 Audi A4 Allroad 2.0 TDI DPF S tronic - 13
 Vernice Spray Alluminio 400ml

...

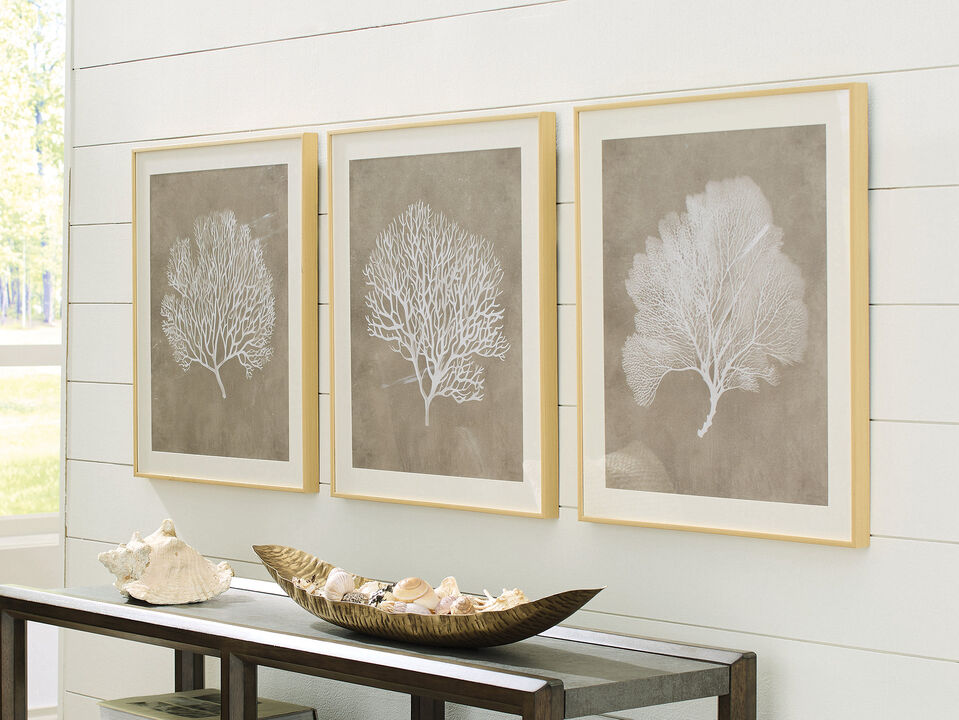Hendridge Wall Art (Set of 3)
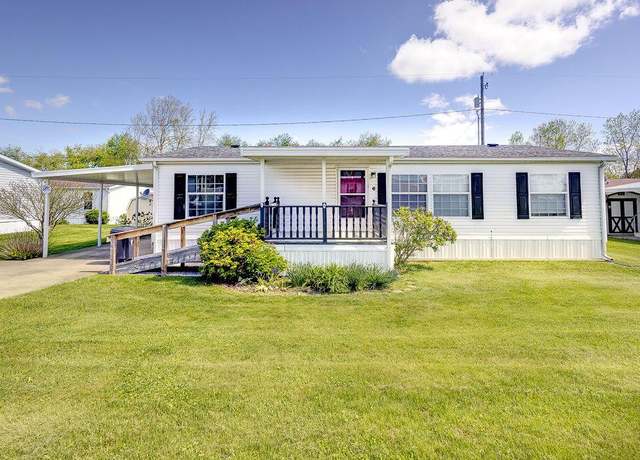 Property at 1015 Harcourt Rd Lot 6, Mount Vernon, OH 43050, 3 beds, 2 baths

What you are asked to do
Copy out the range of lines above starting at the line with "Audi A4 Allroad 2.0 TDI DPF S tronic - 13" and ending at the line with "Vernice Spray Alluminio 400ml", exactly and including both.

Task answer
 Audi A4 Allroad 2.0 TDI DPF S tronic - 13
 Vernice Spray Alluminio 400ml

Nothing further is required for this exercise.